In all cases where RANGE partitioning does not apply, use HASH partitioning. For example, you can hash-partition columns that contain character strings, phone numbers, and IP addresses. For HASH partitioning, you do not need to specify how the partitions are defined, just how many partitions to create.

Choosing an optimal number of partitions

You also need to think about how many partitions your table will contain. A partitioned table is like a cube with individual partition columns as its dimensions. When you select a partition column, you define, implicitly or explicitly, a number of resulting partitions for that column. In turn, that number of partitions is multiplied by the number of partitions for other columns on the same table. The product of this calculation (the total number of "sub-partitions") is an important constraint on effective partitioning.

Consider the following points:
  • Although you can use up to four columns in the same table as partition columns, you should use as few as possible to produce the optimal number of partitions.
  • Partitioning schemes are always bounded by two limits:
    • The number of partitions per column (about 32,000)
    • The product of all partitioned columns per table (about 250,000).
  • The amount of data you expect to store in the table is directly related to the number of optimal partitions.
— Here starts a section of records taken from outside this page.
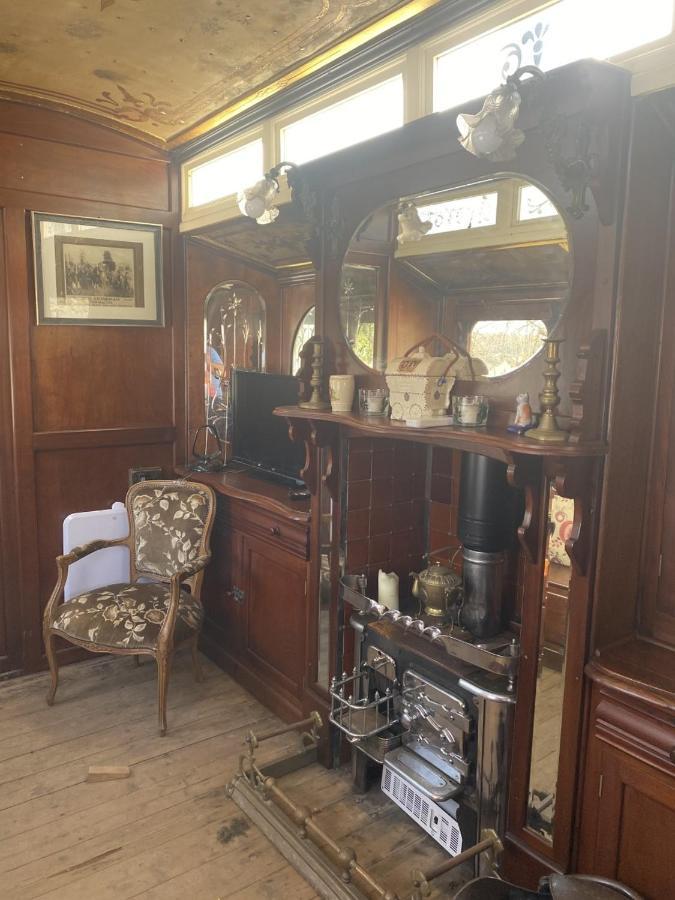 Vintage Showman'S Wagon For Two Close To Beach Plymouth Exterior foto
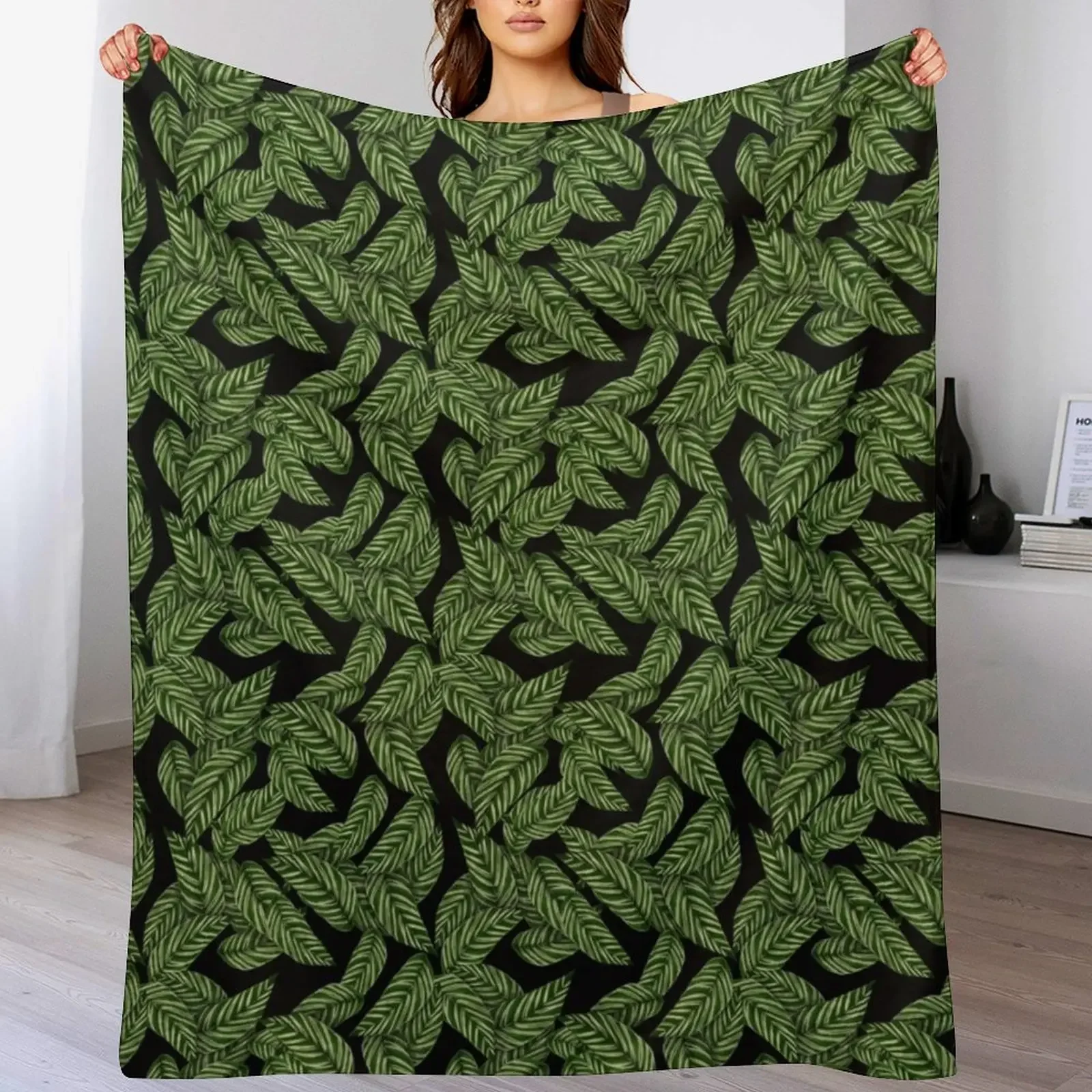

Dark Green Leaf Pattern Throw Blanket Plush Sofa Quilt Shaggy Plaid Blankets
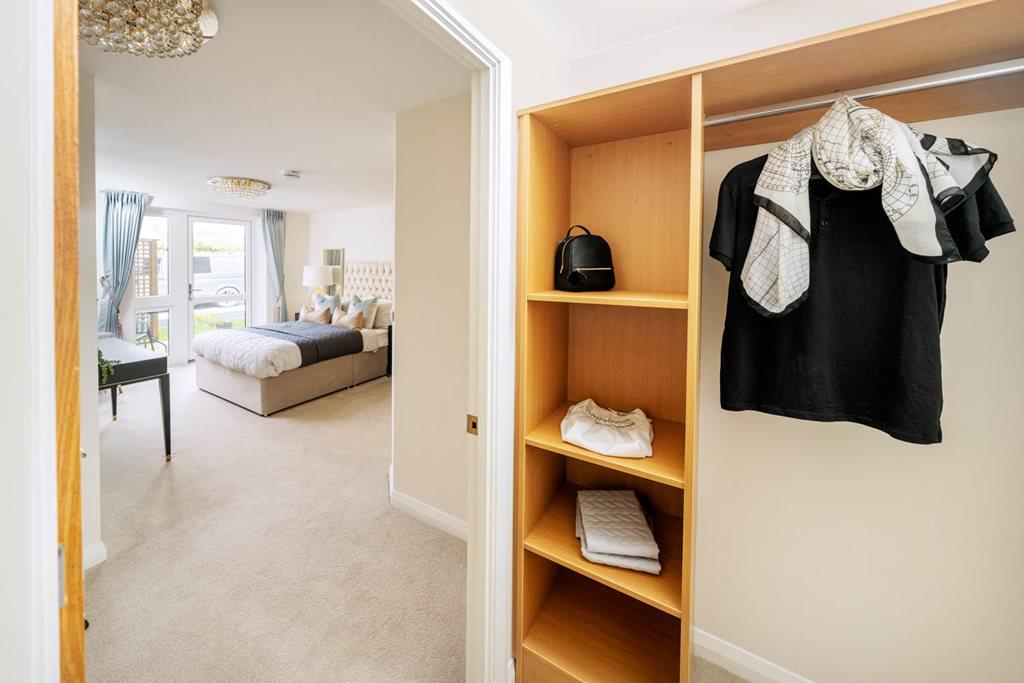 Master Bedroom Walk In Wardrobe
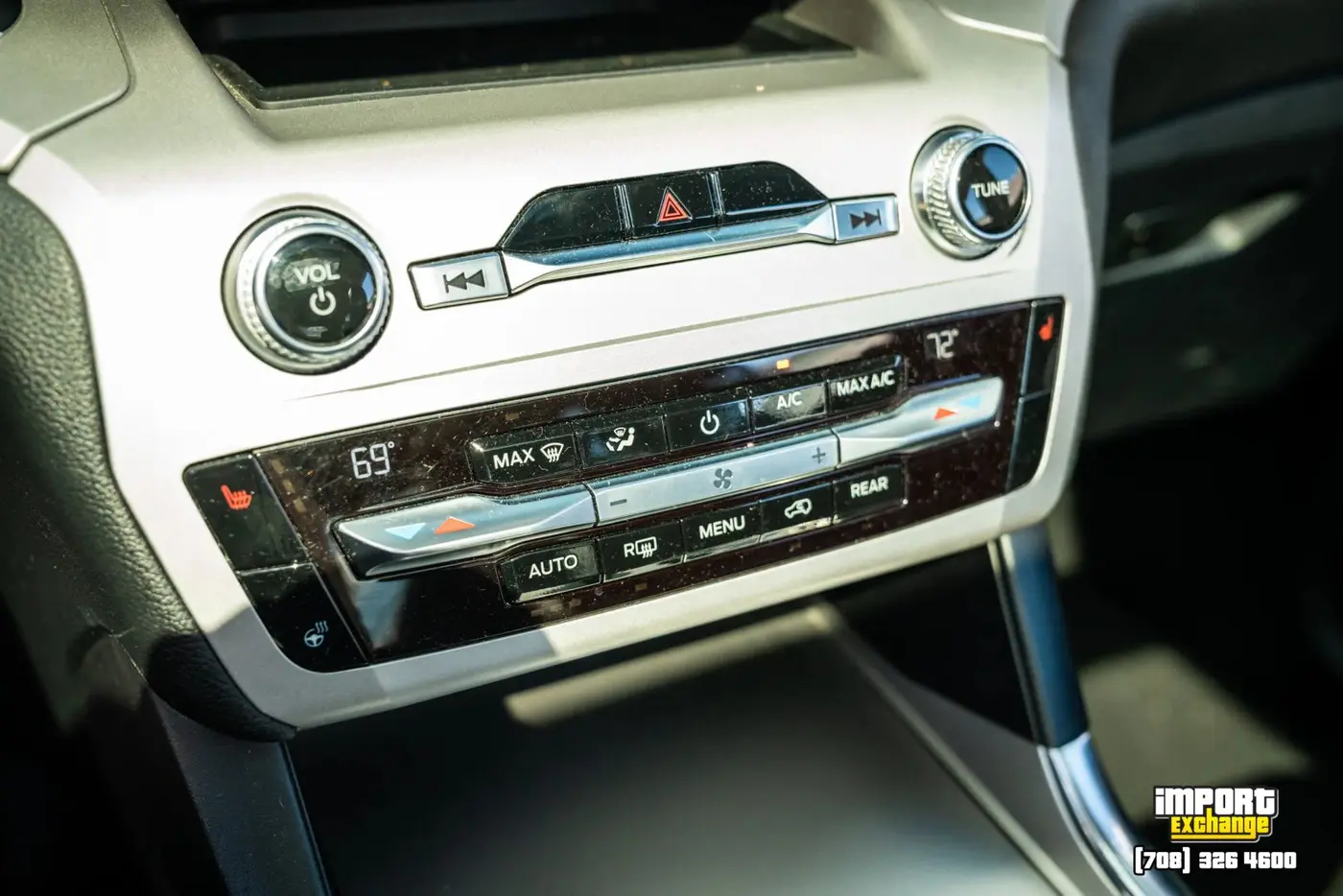 2020 Ford Explorer - $18,876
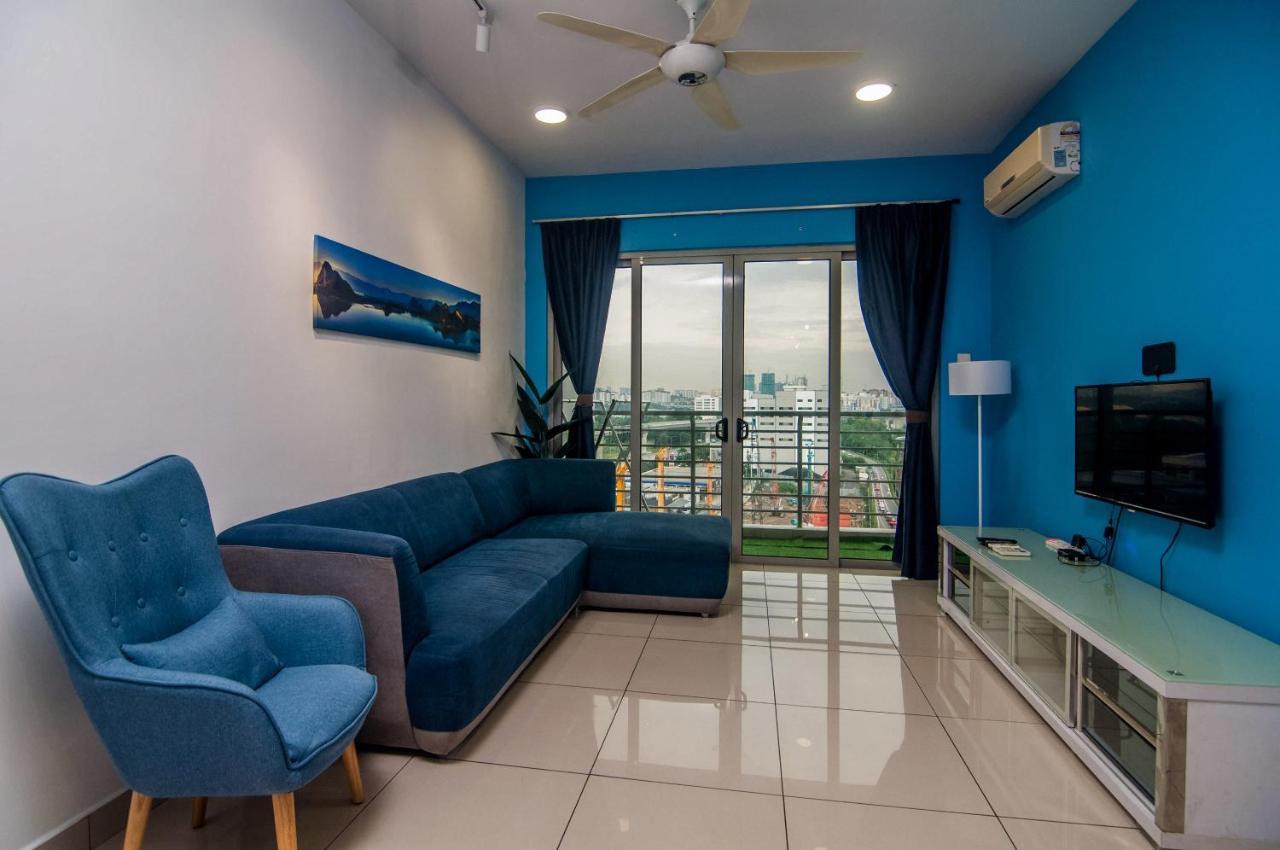 Flora Residence One South By Idealhub Seri Kembangan Eksteriør billede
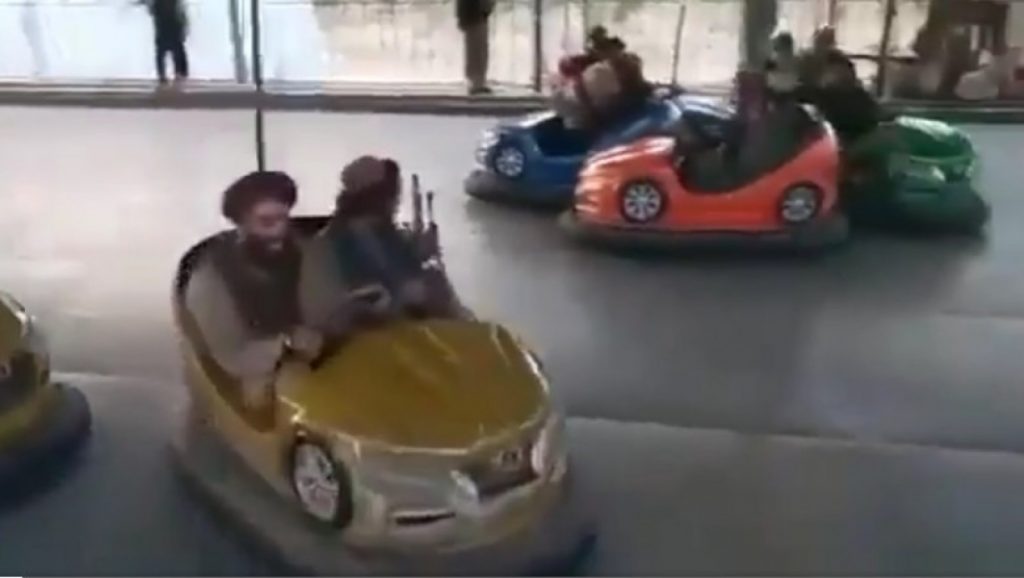 Talibanii pozează în oameni pașnici. S-au filmat în mașinuțe și călușei, într-un parc de distracții. VIDEO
For optimal performance, the table should be big enough and the product of the number of partitions small enough that each sub-partition is either completely empty or contains at least 2-10GB of row data.
  • Expected increases in the range of values in a column (future dates, for example), or the amount of data in a table may change your requirements over time. Partitioning cannot be updated at runtime; therefore, you need to create sufficient partitions ahead of time for business needs for the next few years. For example, if you are partitioning on a range of dates, the end of the range should extend well into the future.
Notes on bulk loads

Where possible, try to bulk load data one partition at a time. This means that your source data needs to be prepared in files that contain one partition of data each. For example, if the data is partitioned by range on dates with an interval of one day per partition, each data file should contain a day's worth of data.

If you cannot set up your loads in this way, query performance may be affected.

Some Example Calculations

The following examples demonstrate how to calculate an effective number of partitions on a single table:

Example 1

Say you intend to use three partition columns (c1, c2, c3) on a table (t1) that contains 1TB of data:
  • If the three columns evaluate to 5, 5, and 4 partitions each, the product of this partitioning scheme is 100 sub-partitions (5*5*4).
  • 1TB of data/100 sub-partitions = 10GB of data per partition, which is a good number. (It is fine if some of these partitions are empty.)

Example 2

Say you intend to use two partition columns (c1, c2) on a table (t2) that contains 10TB of data:
  • If the two columns evaluate to 100 and 1000 partitions each, the product of this partitioning scheme is 100,000 sub-partitions (100*1000).
  • 10TB of data/100000 sub-partitions = 100MB of data per partition, which is much too small.
  • You would need to think about reducing the number of partitions by using only one column or a different range, for example.

Example 3

Say you intend to use four partition columns (c1, c2, c3, c4) on a table (t3) that contains 20TB of data:
  • If the four columns evaluate to 100, 5, 8, and 200 partitions each, the product of this partitioning scheme is 800000 sub-partitions (10*5*8*200).
  • This number of partitions exceeds the system limit, and you will not be able to create the table at all. The CREATE TABLE statement will return an error.
  • If you partition on the first three columns only, the product will be 4000 (100*5*8).
  • 20TB of data/4000 sub-partitions = 5GB of data per partition, which is a reasonable number but on the low side.
  • It might be optimal to partition this table on only two columns. Pick the two that best fit the criteria described earlier in this section for selecting partition columns.